You may want to read this post:
You may want to read this post:

Mazhab dan Ikhtilaf Ulama Mazhab

 


BAB I PENDAHULUAN


A.      Latar Belakang


Kehadiran fiqih ternyata mengiringi pasang-surut Islam, dan bahkan secara amat dominan abad pertengahan mewarnai dan memberi corak bagi perkembangan Islam dari masa ke masa. Karena itulah, kajian-kajian mendalam tentang masalah kesejahteraan fiqih tidak semata-mata bernilai historis, tetapi dengan sendirinya menawarkan kemungkinan baru bagi perkembangan Islam berikutnya.
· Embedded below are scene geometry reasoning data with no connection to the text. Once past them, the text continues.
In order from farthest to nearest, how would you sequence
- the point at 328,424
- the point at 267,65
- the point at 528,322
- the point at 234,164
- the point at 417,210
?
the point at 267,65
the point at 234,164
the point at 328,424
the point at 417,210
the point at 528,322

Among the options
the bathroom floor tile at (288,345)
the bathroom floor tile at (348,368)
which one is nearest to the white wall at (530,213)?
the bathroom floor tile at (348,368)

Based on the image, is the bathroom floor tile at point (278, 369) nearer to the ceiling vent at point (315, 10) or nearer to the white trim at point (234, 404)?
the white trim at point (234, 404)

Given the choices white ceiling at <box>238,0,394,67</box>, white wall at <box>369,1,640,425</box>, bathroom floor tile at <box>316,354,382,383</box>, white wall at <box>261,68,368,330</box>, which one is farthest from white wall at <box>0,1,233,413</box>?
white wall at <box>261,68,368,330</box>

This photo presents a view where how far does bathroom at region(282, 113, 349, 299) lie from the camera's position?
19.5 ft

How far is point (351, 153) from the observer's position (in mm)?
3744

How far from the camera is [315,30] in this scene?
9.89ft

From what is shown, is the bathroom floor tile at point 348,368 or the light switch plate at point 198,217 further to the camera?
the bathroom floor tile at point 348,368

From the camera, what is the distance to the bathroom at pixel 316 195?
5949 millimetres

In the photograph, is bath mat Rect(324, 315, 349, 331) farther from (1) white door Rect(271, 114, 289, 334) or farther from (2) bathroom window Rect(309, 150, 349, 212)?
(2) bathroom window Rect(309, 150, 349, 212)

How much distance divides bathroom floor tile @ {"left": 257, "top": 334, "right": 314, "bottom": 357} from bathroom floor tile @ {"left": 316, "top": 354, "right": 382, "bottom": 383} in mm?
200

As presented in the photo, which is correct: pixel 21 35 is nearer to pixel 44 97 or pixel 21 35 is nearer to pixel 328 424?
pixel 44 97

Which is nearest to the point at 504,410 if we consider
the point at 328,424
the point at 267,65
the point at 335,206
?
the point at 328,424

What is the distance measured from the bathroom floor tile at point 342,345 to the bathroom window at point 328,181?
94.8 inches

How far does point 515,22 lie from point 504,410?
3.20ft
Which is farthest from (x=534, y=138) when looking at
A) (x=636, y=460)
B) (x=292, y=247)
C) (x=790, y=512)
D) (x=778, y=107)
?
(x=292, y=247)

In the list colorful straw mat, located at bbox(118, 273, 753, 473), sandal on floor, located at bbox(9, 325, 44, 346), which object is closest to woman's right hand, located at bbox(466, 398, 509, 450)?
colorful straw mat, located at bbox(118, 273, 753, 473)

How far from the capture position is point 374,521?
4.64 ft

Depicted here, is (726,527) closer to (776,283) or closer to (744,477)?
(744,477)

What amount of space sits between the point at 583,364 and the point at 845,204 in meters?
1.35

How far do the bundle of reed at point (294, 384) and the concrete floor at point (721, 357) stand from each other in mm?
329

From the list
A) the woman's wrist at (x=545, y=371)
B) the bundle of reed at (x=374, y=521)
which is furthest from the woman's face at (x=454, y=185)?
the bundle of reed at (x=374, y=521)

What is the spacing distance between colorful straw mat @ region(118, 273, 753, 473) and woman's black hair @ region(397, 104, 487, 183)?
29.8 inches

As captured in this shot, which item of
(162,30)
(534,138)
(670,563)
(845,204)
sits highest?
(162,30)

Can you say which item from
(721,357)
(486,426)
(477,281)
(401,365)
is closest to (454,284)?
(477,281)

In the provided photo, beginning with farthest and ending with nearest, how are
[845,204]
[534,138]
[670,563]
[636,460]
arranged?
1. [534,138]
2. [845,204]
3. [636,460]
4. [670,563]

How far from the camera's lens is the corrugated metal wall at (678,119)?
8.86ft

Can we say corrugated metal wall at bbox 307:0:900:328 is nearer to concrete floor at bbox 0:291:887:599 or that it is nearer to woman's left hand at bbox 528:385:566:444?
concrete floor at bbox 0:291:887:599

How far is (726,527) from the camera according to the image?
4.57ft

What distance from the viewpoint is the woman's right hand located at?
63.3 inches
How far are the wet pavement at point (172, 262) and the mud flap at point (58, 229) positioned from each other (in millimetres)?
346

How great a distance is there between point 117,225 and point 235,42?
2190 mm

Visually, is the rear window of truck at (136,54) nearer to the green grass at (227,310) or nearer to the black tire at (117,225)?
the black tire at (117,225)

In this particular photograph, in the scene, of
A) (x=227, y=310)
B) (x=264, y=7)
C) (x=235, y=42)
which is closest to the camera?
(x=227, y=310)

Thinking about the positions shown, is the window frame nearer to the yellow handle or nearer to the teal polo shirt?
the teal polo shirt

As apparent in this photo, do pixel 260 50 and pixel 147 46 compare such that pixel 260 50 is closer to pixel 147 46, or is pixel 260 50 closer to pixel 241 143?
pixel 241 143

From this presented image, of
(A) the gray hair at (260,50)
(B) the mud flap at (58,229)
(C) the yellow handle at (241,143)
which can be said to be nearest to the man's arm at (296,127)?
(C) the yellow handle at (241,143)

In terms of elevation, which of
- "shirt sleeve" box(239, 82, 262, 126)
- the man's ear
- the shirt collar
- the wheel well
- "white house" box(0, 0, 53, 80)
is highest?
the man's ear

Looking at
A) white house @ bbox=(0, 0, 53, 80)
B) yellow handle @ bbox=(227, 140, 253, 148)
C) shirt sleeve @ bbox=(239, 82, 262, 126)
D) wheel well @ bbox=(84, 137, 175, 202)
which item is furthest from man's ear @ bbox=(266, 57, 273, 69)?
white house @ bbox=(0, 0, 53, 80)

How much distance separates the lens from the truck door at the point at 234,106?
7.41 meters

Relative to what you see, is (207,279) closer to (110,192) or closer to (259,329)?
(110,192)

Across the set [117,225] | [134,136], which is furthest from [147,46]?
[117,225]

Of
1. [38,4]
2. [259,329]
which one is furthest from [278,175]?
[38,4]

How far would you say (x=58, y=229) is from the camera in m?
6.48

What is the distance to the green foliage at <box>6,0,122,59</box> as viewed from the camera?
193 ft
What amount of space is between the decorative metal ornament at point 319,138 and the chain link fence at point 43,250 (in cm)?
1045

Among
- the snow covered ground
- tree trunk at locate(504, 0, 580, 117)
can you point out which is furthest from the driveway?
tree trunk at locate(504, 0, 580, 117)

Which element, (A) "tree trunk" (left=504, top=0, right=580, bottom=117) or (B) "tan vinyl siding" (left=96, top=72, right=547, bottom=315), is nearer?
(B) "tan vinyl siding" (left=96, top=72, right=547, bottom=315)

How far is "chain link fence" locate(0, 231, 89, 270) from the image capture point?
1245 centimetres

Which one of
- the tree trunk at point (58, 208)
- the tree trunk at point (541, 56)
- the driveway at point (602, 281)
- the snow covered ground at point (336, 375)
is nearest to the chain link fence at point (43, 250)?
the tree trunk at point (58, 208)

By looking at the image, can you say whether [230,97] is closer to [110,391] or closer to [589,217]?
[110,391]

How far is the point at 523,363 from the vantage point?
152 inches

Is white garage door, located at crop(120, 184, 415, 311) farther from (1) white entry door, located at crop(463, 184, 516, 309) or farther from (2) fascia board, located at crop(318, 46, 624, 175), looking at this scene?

Pada makalah ini, akan dijelaskan tentang pengertian mazhab, ikhtilaf para ulama, dan mazhab-mazhab dalam fiqih,dikhusus pada empat mazhab yaitu Mazhab Hanafi, Mazhab Maliki, Mazhab Syafi'i dan Mazhab Hambali serta beberapa hal lain yang berhubungan dengan keempat mazhab tersebut.


B.       Rumusan Masalah


1.      Apa yang dimaksud madzhab?


2.      bagaimana ikhtilaf para ulama, yaitu madzhab hanafi, maliki, syafi'I, dan mazhab hanbali?




BAB II PEMBAHASAN


A.      Definisi Mazhab


Secara bahasa, mazhab artinya tempat berpergian. Menurut istilah fiqh, mazhab memiliki dua makna. Pertama,mazhab berarti jalan pikiran atau metode yang digunakan seorang mujtahid (orang yang berijtihad/ulama) dalam menetapkan hukum terhadap suatu kejadian. Kedua, mazhab juga berarti pendapat atau fatwa seorang mujtahid atau mufti (ulama yang memberi fatwa) dalam memutuskan hukum suatu peristiwa.[1] Istilah mazhab tidak hanya digunakan dalam bidang fiqh, tetapi juga dalam aqidah. Bahkan sekarang metode berfikir dalam bidang ilmu social pun sering disebut mazhab. Dengan demikian, mazhab fiqh adalah kitab-kitab yang memuat berbagai metode pengambilan hukum Islam terhadap kasus-kasus yang bersifat amali (praktis), baik yang sudah jelas hukumnya dalam Al-Qur'an dan Hadits, maupun yang belum jelas hukumnya.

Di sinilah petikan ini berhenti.